L’explosion de colère a fait tache d’huile dès vendredi, lorsque le ministre de la Justice, Jesus Murillo Karam, a annoncé la mort probable des 43 étudiants disparus de l’école normale rurale d’Ayotzinapa, le 26 septembre dernier à Iguala, dans l’Etat de Guerrero. Il a expliqué que trois membres présumés d’un groupe de narcotrafiquants avaient avoué avoir tué les étudiants, brûlé les corps puis jeté les sacs contenant leurs restes dans une rivière. Faute de preuves, les parents des étudiants ont refusé de croire à cette version et attendent des expertises ADN d’ores et déjà annoncées comme très délicates.
Samedi une foule compacte a défilé dans le calme à Mexico, aux cris de « Dehors Peña » et « Assassin ». Le soir, un petit groupe radical de manifestants s’est attaqué au Palais National, siège protocolaire de la présidence (mais où ne vit pas le président), tentant d’enfoncer la porte principale, y provoquant un début d’incendie et y inscrivant leur slogan : « Nous les voulons vivants », avant que la police ne finisse par former un cordon sanitaire autour du palais. Plus tôt, dans le sud du pays à Chilpancingo (Guerero), 300 jeunes avaient mis le feu à une dizaine de véhicules en face du siège du gouvernement régional, après en avoir brisé les façades vitrées.
Pour les enquêteurs, les responsables de ce drame sont le maire d’Iguala, José Luis Abarca, et son épouse, arrêtés la semaine dernière et soupçonnés d’avoir ordonné à leur police municipale l’enlèvement des étudiants, elle-même en relation avec le groupe criminel «Guerreros Unidos ». Le maire d’Iguala (gauche) a déjà été visé par une enquête en 2010 pour crime organisé en 2010, puis par une plainte pour meurtre en 2013, sans être davantage inquiété.
C’est dans ce climat de chaos qu’Enrique Peña Nieto est tout de même parti dimanche pour une tournée asiatique de 6 jours. Il commencera par assister au sommet de la Coopération économique Asie-Pacifique (APEC) à Pékin, avant une visite d’Etat en Chine, puis rejoindra Brisbane en Australie pour participer à la première journée du sommet du G20 le 15 novembre.
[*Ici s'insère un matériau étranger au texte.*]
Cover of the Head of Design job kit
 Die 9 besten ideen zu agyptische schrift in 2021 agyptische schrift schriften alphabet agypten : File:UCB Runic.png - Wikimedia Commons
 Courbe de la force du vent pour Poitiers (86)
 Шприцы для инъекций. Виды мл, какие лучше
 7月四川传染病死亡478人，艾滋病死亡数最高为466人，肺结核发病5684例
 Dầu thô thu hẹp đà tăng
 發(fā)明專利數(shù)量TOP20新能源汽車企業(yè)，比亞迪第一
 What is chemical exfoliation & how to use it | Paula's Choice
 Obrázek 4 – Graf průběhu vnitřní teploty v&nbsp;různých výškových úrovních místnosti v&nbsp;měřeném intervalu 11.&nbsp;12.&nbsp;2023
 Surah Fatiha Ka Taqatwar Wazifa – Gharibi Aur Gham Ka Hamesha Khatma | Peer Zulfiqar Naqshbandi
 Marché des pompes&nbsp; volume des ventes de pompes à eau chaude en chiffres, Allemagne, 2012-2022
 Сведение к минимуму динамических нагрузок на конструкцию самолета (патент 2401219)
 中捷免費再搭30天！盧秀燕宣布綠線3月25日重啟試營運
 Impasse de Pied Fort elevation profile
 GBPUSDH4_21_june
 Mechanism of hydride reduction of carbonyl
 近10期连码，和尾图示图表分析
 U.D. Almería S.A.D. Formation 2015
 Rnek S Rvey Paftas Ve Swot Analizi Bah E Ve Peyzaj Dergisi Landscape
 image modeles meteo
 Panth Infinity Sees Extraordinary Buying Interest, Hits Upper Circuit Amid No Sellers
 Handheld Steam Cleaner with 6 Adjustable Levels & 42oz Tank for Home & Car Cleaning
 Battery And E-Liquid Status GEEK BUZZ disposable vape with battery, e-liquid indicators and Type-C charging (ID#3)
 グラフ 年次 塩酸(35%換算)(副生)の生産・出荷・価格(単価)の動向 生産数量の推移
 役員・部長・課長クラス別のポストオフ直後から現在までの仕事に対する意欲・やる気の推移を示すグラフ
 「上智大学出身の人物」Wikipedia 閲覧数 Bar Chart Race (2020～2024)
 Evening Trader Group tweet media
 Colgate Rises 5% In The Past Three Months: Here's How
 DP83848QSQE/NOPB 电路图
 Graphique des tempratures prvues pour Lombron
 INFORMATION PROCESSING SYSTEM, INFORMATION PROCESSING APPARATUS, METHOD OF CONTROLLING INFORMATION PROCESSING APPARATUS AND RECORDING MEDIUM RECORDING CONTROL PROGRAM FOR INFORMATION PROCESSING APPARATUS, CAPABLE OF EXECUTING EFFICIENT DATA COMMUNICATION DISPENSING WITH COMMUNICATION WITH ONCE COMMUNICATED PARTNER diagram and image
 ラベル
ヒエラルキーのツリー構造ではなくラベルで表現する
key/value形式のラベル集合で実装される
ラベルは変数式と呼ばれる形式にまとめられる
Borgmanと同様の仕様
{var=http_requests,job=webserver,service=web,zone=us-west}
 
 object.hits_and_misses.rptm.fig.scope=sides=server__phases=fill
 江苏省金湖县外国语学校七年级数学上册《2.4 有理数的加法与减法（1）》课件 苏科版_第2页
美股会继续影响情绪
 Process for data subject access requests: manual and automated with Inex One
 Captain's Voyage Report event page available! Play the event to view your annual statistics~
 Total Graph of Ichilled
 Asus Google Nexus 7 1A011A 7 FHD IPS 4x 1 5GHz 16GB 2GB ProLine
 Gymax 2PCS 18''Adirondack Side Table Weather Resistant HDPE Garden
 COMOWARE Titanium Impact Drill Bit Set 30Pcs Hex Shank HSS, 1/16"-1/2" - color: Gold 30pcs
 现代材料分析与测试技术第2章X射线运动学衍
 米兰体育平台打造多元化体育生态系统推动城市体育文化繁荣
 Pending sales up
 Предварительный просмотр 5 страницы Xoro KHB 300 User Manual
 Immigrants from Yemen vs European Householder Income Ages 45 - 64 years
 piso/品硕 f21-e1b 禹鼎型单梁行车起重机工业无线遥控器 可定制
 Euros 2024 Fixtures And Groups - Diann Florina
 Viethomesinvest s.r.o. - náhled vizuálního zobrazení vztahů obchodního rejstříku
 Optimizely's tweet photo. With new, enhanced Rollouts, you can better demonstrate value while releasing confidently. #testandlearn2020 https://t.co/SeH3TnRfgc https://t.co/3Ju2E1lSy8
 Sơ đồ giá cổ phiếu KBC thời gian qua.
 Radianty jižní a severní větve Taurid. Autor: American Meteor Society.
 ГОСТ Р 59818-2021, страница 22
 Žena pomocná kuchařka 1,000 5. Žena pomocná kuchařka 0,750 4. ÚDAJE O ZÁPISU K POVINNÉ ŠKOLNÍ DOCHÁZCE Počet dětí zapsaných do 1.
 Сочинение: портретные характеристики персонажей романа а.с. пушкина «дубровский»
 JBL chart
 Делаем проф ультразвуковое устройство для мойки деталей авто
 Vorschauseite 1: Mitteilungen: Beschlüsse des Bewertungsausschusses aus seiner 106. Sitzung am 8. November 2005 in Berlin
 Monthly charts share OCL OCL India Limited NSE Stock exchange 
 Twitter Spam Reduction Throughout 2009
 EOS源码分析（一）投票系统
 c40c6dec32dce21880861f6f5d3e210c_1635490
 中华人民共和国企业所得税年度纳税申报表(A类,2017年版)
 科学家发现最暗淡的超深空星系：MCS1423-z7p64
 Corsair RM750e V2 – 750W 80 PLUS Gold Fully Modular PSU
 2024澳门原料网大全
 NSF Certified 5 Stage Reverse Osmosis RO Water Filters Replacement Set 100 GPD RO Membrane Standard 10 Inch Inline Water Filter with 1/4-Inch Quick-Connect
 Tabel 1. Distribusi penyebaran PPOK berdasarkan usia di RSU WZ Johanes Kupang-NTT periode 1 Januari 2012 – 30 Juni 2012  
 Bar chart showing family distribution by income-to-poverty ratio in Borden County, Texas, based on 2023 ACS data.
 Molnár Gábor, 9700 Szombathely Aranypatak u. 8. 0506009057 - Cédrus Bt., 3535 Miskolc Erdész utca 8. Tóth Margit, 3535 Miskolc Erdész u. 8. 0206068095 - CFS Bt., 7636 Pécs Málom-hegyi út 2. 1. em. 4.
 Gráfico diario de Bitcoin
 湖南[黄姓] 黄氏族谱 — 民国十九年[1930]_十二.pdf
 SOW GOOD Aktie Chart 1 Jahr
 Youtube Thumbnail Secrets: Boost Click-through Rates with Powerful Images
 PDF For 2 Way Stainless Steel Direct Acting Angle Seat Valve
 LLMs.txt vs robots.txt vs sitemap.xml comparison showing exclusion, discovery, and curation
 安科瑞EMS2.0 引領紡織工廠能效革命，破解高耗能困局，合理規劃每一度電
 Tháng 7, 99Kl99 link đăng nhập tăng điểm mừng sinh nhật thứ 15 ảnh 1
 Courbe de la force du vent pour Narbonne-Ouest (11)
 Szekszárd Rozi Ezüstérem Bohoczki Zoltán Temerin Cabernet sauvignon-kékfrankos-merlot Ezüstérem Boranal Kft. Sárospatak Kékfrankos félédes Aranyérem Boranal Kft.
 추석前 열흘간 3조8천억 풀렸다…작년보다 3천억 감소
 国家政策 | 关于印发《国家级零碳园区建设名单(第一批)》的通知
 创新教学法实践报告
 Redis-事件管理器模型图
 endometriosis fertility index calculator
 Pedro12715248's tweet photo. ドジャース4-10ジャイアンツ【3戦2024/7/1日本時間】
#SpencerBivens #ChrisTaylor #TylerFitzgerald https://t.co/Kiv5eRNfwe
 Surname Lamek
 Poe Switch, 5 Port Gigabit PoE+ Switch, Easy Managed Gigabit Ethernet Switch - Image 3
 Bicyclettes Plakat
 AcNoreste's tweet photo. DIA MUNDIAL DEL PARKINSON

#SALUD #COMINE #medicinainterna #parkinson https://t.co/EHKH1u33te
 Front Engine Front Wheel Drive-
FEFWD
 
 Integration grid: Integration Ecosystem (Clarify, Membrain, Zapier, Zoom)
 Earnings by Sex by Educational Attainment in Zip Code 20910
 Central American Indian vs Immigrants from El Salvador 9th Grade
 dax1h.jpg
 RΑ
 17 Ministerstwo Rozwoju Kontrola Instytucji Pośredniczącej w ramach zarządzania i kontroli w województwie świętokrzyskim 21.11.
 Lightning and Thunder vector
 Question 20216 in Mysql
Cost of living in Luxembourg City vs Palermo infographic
Mais il ne pourra pas, comme il adore pourtant le faire, se présenter en fringant président d’un nouvel eldorado au potentiel économique colossal, menant au pas de charge des réformes majeures (dont celle, très attractive de l’énergie, qui va ouvrir l’exploitation pétrolière mexicaine aux majors internationales). L’engouement pour le Mexique à l’international a certes été aussi soudain que le désamour dont le Brésil en récession fait actuellement les frais après une décennie euphorique au début des années 2000. Mais la nouvelle flambée de violence qui sévit au Mexique montre que, malgré les affirmations de son président, le pays est toujours la proie des cartels, qui empoisonne la vie des Mexicains. Une situation propre à refroidir l’enthousiasme des investisseurs et à faire renaître le doute sur la capacité de cet immense pays à surmonter ses démons.